[V8] WOT - the return! Other minor problems 4.2 V8Q
Tony and Lillie
tonyandlillie1 at earthlink.net
Mon Nov 15 09:44:41 EST 2004
> throttle, but yesterday came out nowhere. So, what's
> the deal? Again, now the car seems to have no
> problem. Is it likely that the cruise control rod is
> sticking somewhere? The cruise doesn't function as of
> now.
>
That's the first thing I'd check, as it is one of the few things that could
cause it io stick intermittently like that.
> Next set of problems - Radio is in safe mode - only
> way is to go to the dealer to get the code? I don't
> seem to have it.
Yes, as Mike said, call the dealer with the serial # off the radio. Best way
is to bring it in to the dealer. I have one right in front of me, and
couldn't tell you which number is the serial. It is removed with a U shaped
tool available at Autozone. The codes are set holding in the Ari-z and AM
buttons for about a second or two, then 1000 appears. Use one through four
for setting each # place. Then hold in the Ari-z and AM buttons again.
Should work. If not, wrong code. IIRC three tries puts it it Hard Safe Mode.
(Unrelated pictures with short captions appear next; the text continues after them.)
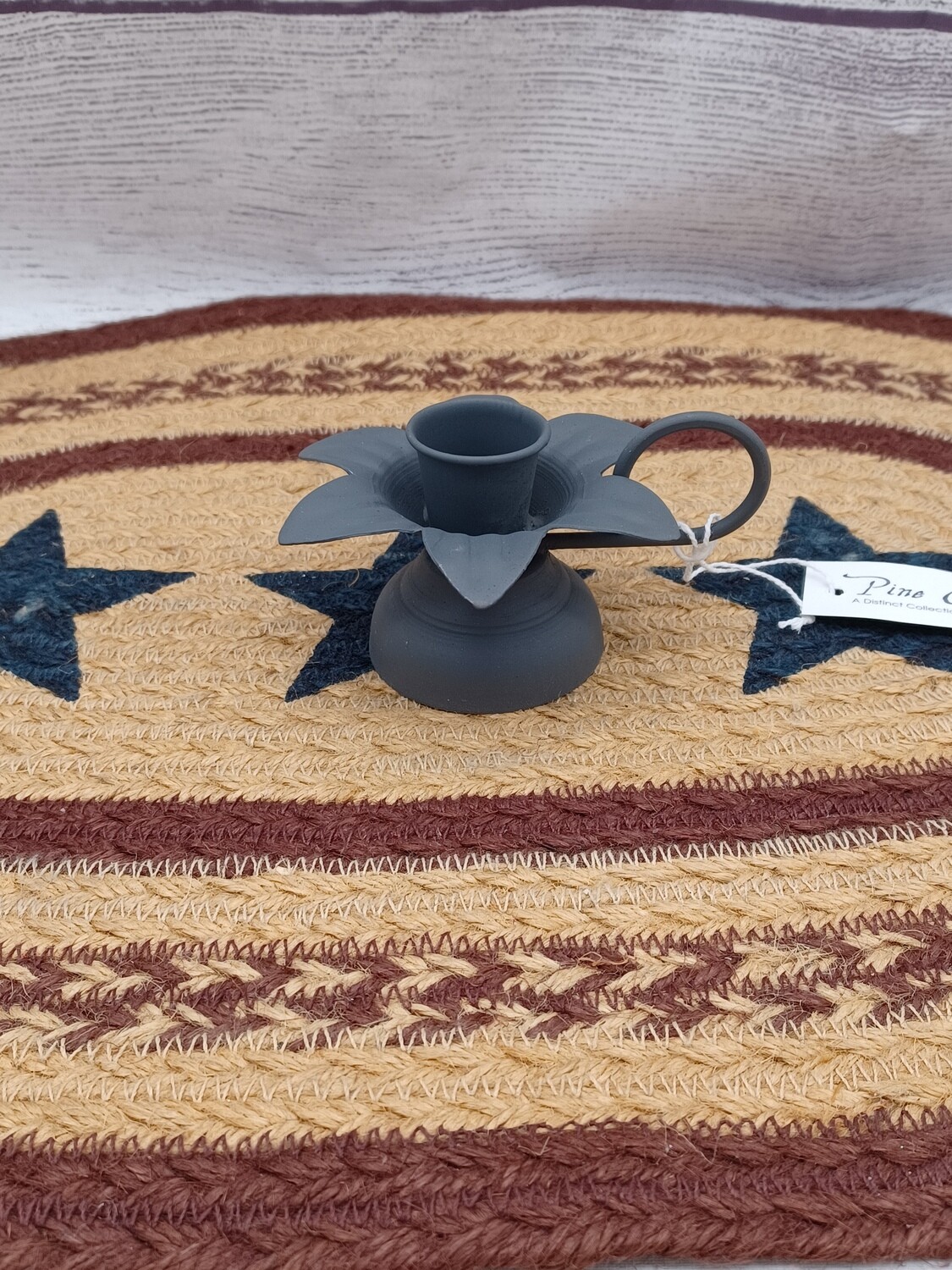 Gray Flower Cup Taper Holder Candle Pan with Handle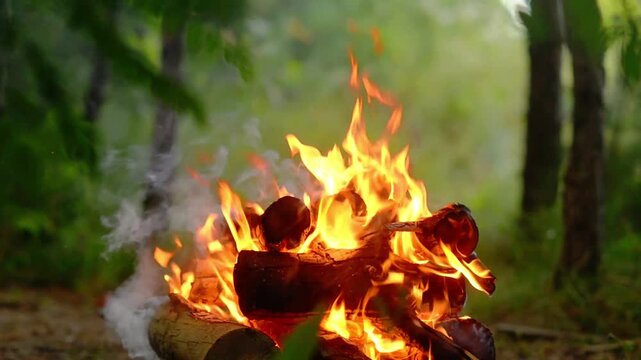 Bright campfire burning in green forest with blurred background bokeh and natural crackling audio sound. Warm video background for cozy bushcraft camping hearth, outdoor relaxation visual.
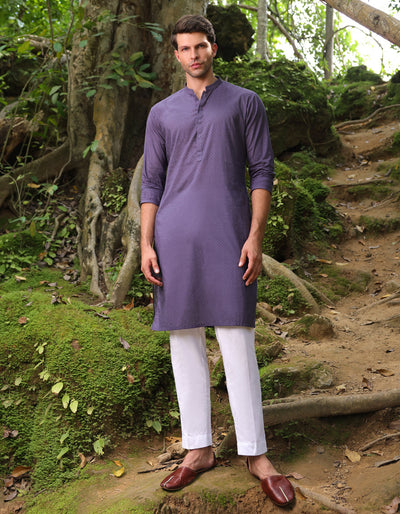 Cotton Purple Kurta - J. Junaid Jamshed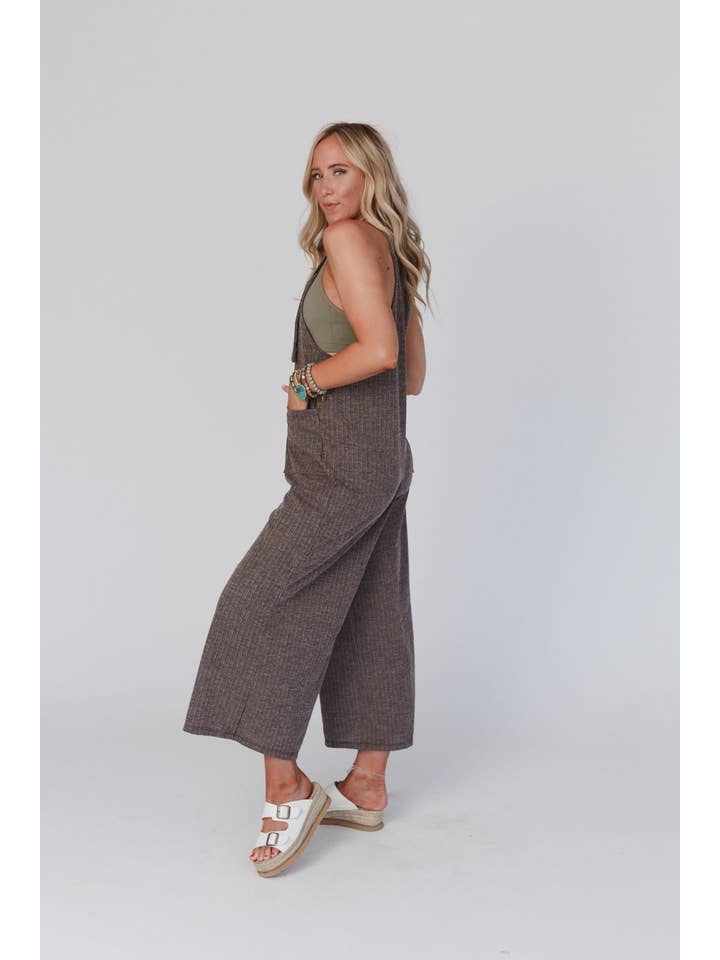Three Bird Nest - Wholesale Overalls - Women's - High Hopes Button Up Overalls - Brown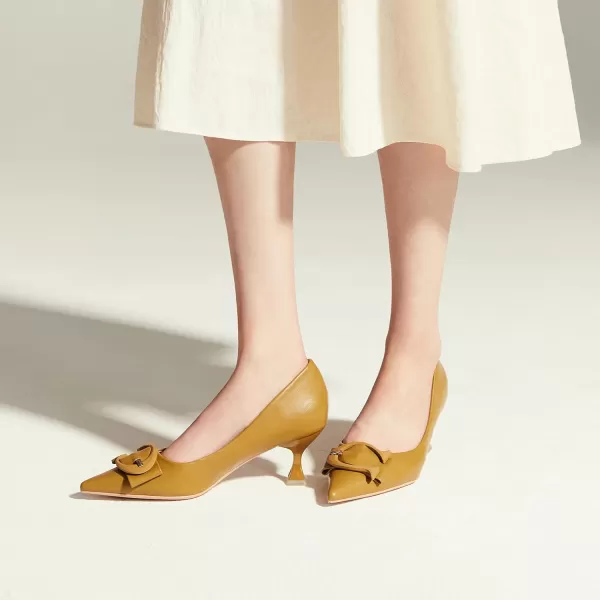 C.Paravano Women's Pumps | Low Heel for Women | Womens Designer Pumps | Kitten Heels for Women | Womens Short Heels | Leather Pumps for Women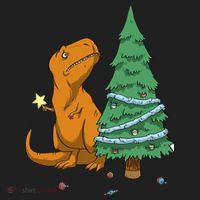 Cute T Rex Christmas Tree Golf Towel thumb 3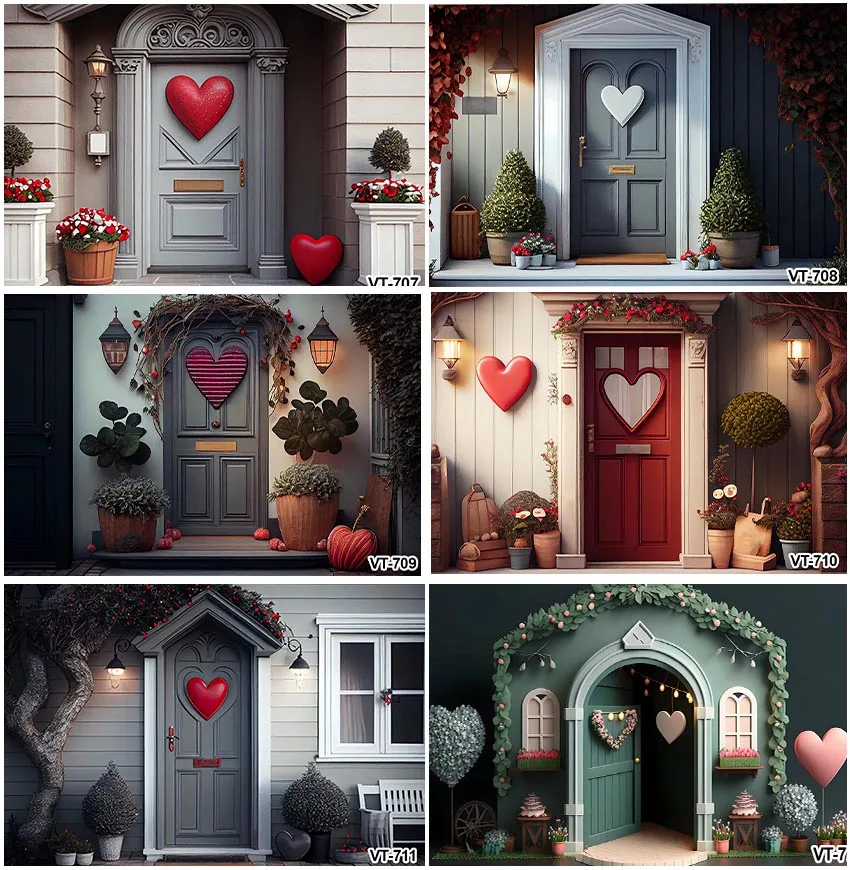 Happy Valentine's Day Photographic Backdrops Entrance Door Love Heart Decoration Plants Floral Party Birthday Newborn Background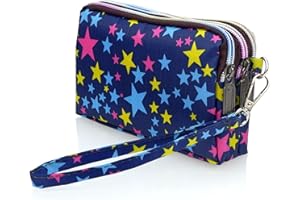 conisy Pochette da donna Semplice Portafoglio da polso con Cerniera, Grande Capacita Borsetta Lungo Floreale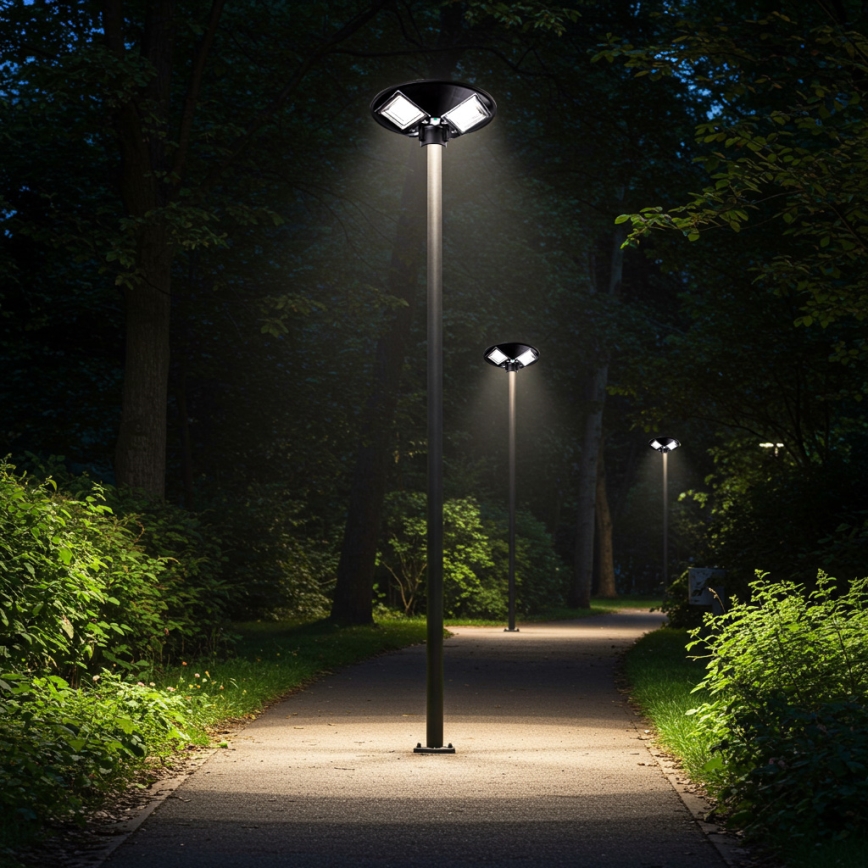 LED Farola solar regulable con sensor LED/15W/6V 11000 mAh 6500K IP65 negro + control remoto
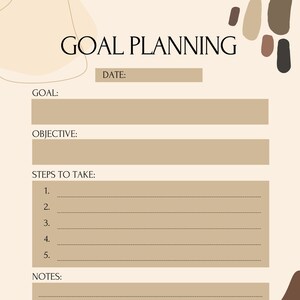 Goal Planning Worksheet - Etsy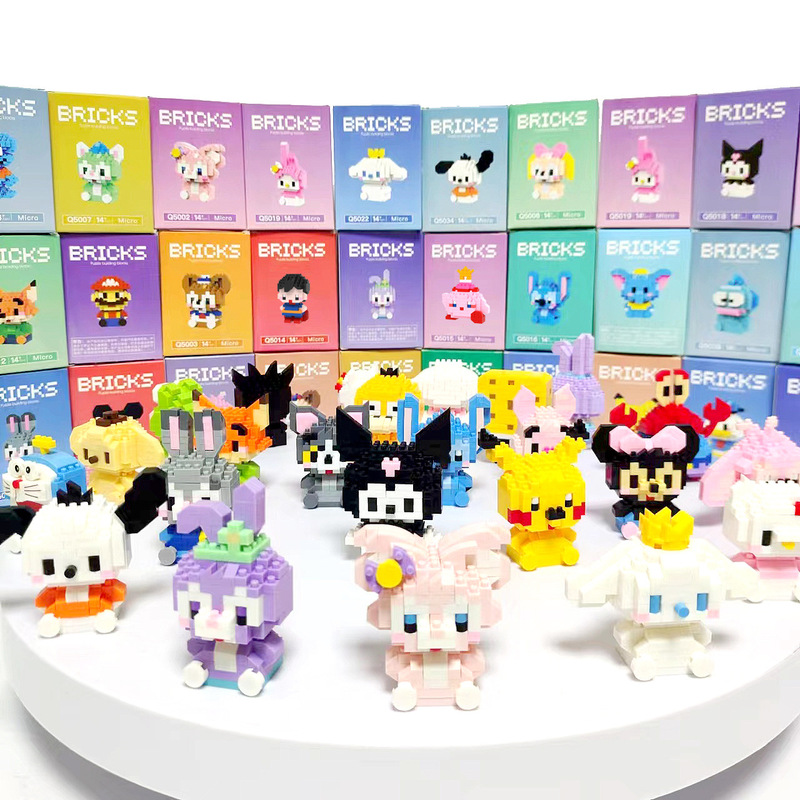 Cross-Border Hot-Selling Micro-Diamond Particle Building Blocks Sanrio Cartoon Figures Blind Box Points Redemption Gift Toys Wholesale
Then, you have to leave the radio on with the key on for about 1-2 hours.
Then try again.
>Neither front or rear defroster
> works. The climate system does work, but no air at
> all comes out of the top of the dash. This could get
> tricky in the winter (already has on Friday, when it
> was humid and rainy here!).
You will probably need the factory manual to fix these. There is a controler
under the passenger side of the dash, with a lot of vacuum lines going to
it. Its lines are the control for which vent gets turned on, etc. If you had
to, I suppose you could just hook the feed line to the defrost till you get
time to properly sort it out.
> Cruise doesn't work, and
> the locks don't work - I can lock the car up from
> inside, or I can lock the driver's door from outside,
> but the other locks won't function with the key. They
> do lock from inside though. Strange.
Does the central lock switch work? if so, you have a broken linkage from the
lock cylinder to the actuator on the drivers door. You'll have to take the
door panel off to fix this. There are three allen screws in the bottom of
the armrest that hold it in.
> Still has a
> pulsing of power at very light (cruising) throttle -
> one member suggested oxygen sensor?
Probably, if you replace it, it has been recommended that you use the 4-wire
for a 1993 Ford F150. I've successfully put four of these in and can tell
you I'm very happy with the results. I use a piece of the Ford harness as
well, to ease future changes. Oh, and they are only about $45, as opposed to
$100+ for factory.
> ABS OFF light is
> on. I'd like to have the ABS operational, if
> possible. Ideas? When I was under the car yesterday,
> there is a bracket under the caliper which has a plug
> on it, and two wires coming out. The wires on both
> sides are cut - are these the ABS sensors?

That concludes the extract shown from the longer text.